Trying to determine if I have a hazard I need to resolve…

I recently moved into a home where previous home owner did lots of dumb stuff. One thing I found was that in order to get more stuff wired to a generator transfer switch with limited breaker spots, he disconnected one line from the breaker and then inside the home bridged the two runs so those previously separated runs would draw off the same breaker on the transfer switch. Of course, his 15amp breaker there probably kept tripping as he had half the first floor now wired to it and so he dropped in a 20 amp breaker for that massive 14 gauge run. Ug.

I noticed the problem and have put a 15 amp breaker back in place… but not until we had tripped the 20amp breaker at least once ourselves. He surely had done the same many times before as he had 12amps worth of just incandescent canned lighting on there that I replaced with LED and still managed to trip with regular load on the other 20+ outlets on the combined run.

I also know exactly where he did the bridge and will be re-splitting the overloaded run. While I believe I have now achieved proper pairings to code (15amp breaker for 14 gauge runs), I’m wondering if I should be concerned about any damage caused to the lines during the period of over-ampped usage.

I did have one issue with a single can fixture that was on its own spur off that run that wasn’t consistently getting power on the supply line to the switch. I disconnected that single supply line from the outlet it branches from and rewired that single light switch to a different nearby run (that outlet was working just fine even while there were supply issues to the switch so I feel I’ve isolated and mitigated that issue). It seems unlikely to be related to the overloading issue given it would have only ever had 75-100 watts max load on it. It seems more likely that any damage of overloading nature would be closer to the root of the branching run where the load would have actually been 20amps. But I’ve not noticed any other supply issues and I can’t reasonable inspect the cables as it’s all behind finished wall.
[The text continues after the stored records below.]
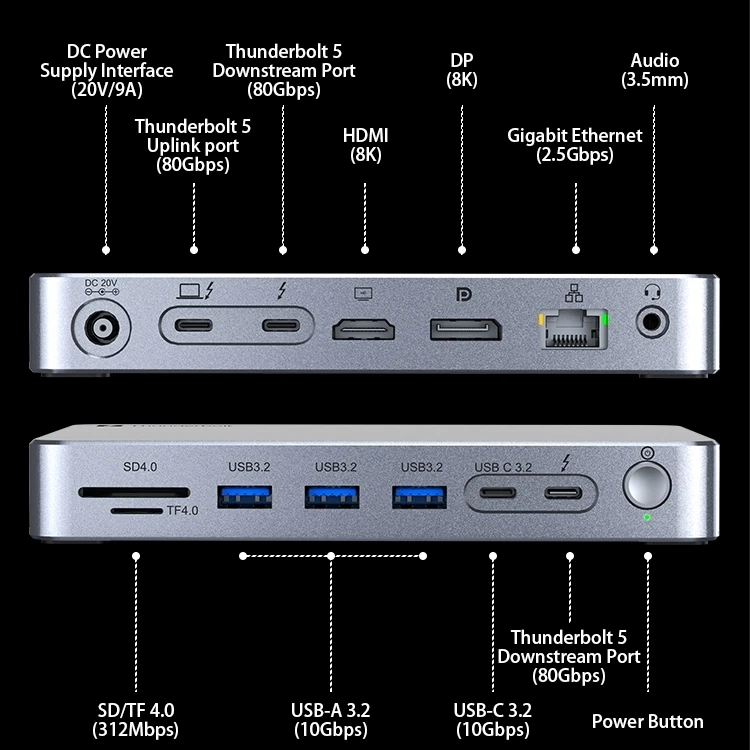 15 트리플 디스플레이 썬더볼트 5 도킹 스테이션 SSD 인클로저 포함 3 썬더볼트 5 포트 USB-A 2.5GB 이더넷 8K 디스플레이 140W PD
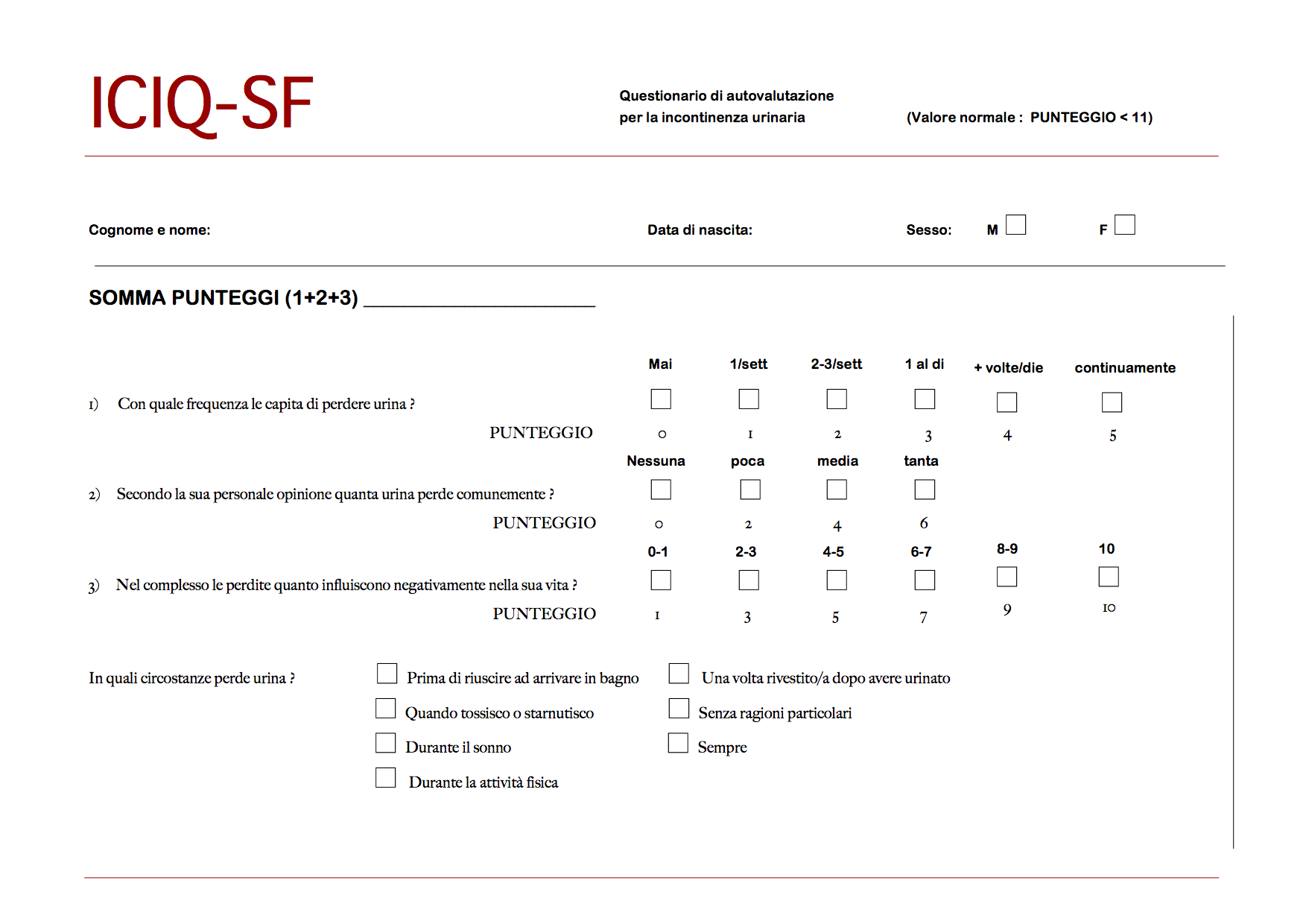 ICIQ-SF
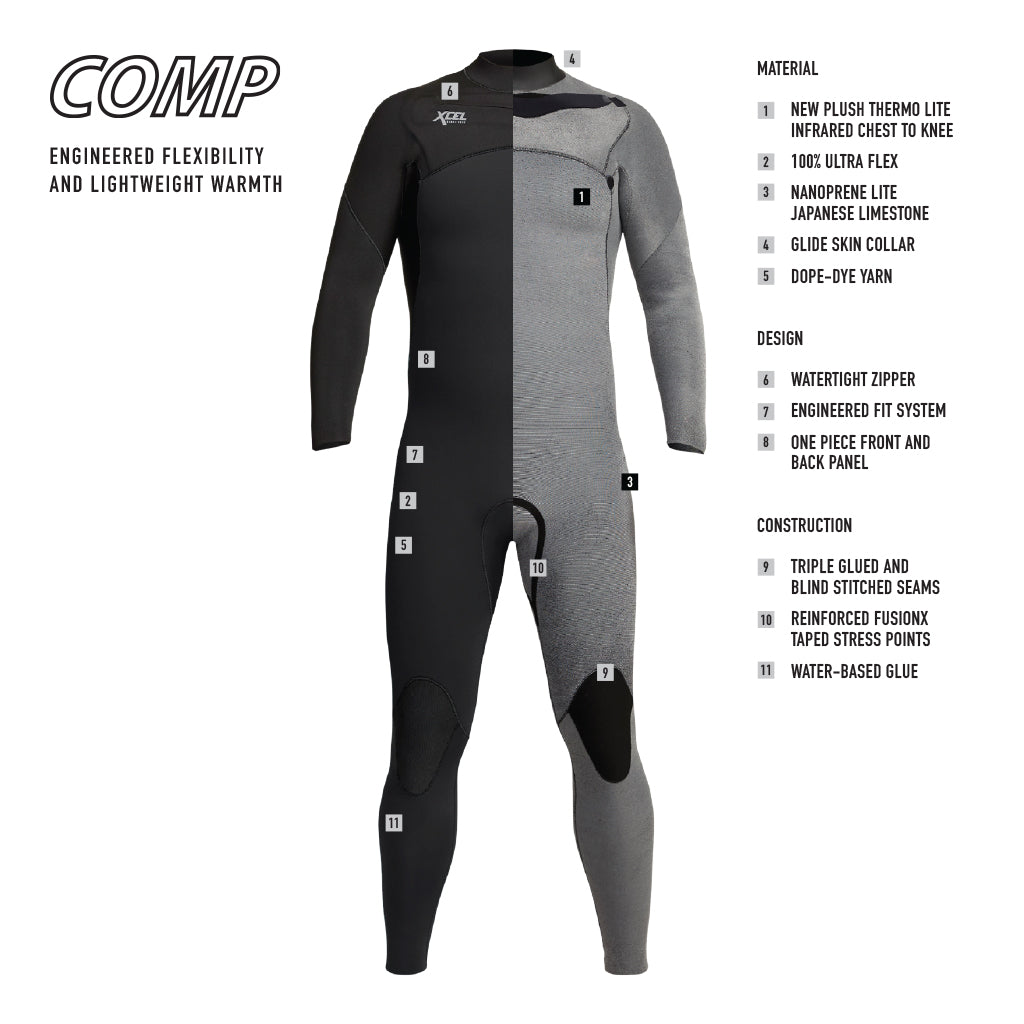 Men's Comp Full Wetsuit 4/3mm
My question – if I’m not experiencing any other issues, is there any more to be done? What is the likelihood I have any sort of fire hazard in the walls from previous overloading? Aside from very costly rewiring of that entire run, is there anything I can/should do to reduce risk of fire? Was wondering if using an arc-fault breaker would do anything? What do others suggest?

Best Answer

If there are any problems, they'll appear at the terminations first.

So as you work on that system, just keep an eye peeled for any thermal damage at terminations. Discolored wire, melted insulation, arcing, anything like that.

Truth be told, 14AWG wire is allowed for 20A - just look at the table formerly known as NEC 310.16... but this presumes 75C terminations (e.g. the receptacle will not scald your child's finger if he touches the outside while a wire is cooking away at 75C on a screw) and a bunch of other favorable factors. So there is a statutory rule elsewhere in NEC that clamps 14AWG ampacity at 15.